Summarizing these are

\begin{aligned}\hat{\boldsymbol{\phi}} &= \mathbf{e}_2 e^{ i \phi } \\ \hat{\mathbf{r}} &= \mathbf{e}_3 e^{I \hat{\boldsymbol{\phi}} \theta} \\ \hat{\boldsymbol{\theta}} &= i \hat{\boldsymbol{\phi}} e^{I \hat{\boldsymbol{\phi}} \theta}.\end{aligned} \hspace{\stretch{1}}(3.9)

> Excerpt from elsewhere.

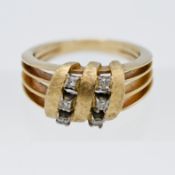 A yellow gold six stone abstract diamond ring, of Dutch origin, size N, approx. 5.4G.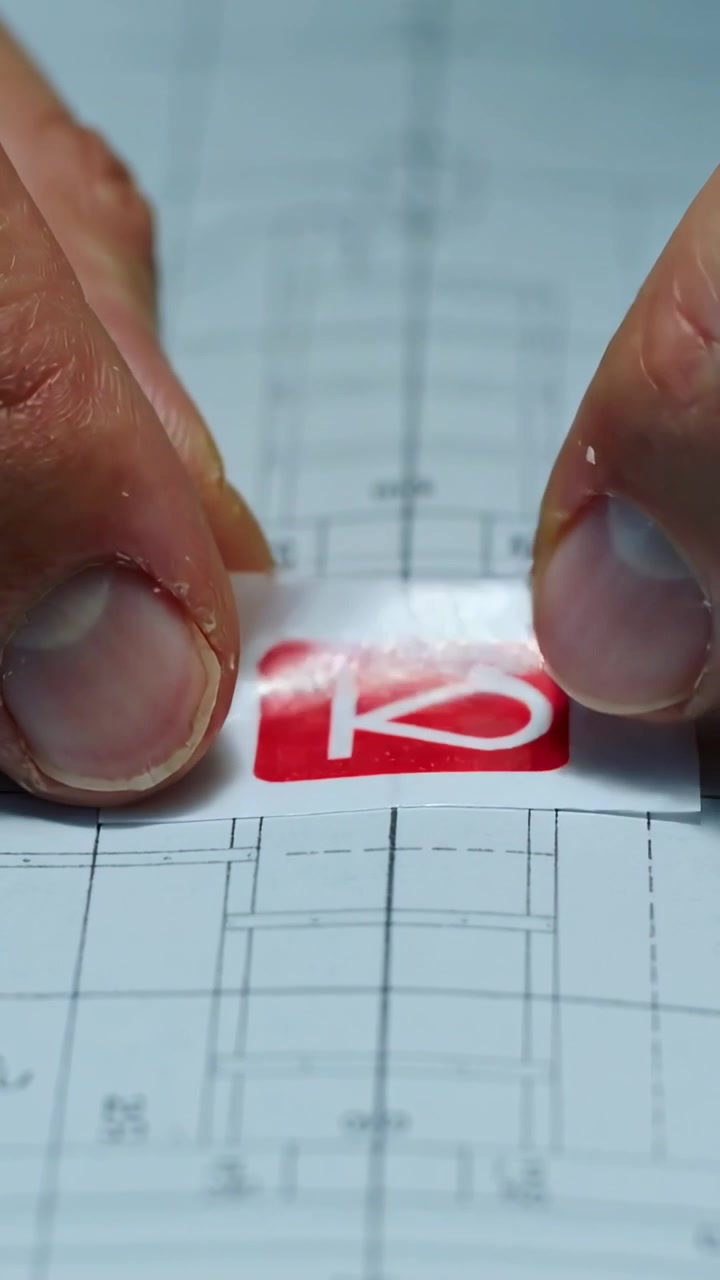 Vertical video: Holding backing, hands aligning, pressing red sticker on drawing to mark centerline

# Derivatives of the unit vectors.

We’ll need the partials. Most of these can be computed from 3.9 by inspection, and are

\begin{aligned}\partial_r \hat{\boldsymbol{\phi}} &= 0 \\ \partial_r \hat{\mathbf{r}} &= 0 \\ \partial_r \hat{\boldsymbol{\theta}} &= 0 \\ \partial_\theta \hat{\boldsymbol{\phi}} &= 0 \\ \partial_\theta \hat{\mathbf{r}} &= \hat{\mathbf{r}} I \hat{\boldsymbol{\phi}} \\ \partial_\theta \hat{\boldsymbol{\theta}} &= \hat{\boldsymbol{\theta}} I \hat{\boldsymbol{\phi}} \\ \partial_\phi \hat{\boldsymbol{\phi}} &= \hat{\boldsymbol{\phi}} i \\ \partial_\phi \hat{\mathbf{r}} &= \hat{\boldsymbol{\phi}} \sin\theta \\ \partial_\phi \hat{\boldsymbol{\theta}} &= \hat{\boldsymbol{\phi}} \cos\theta\end{aligned} \hspace{\stretch{1}}(4.12)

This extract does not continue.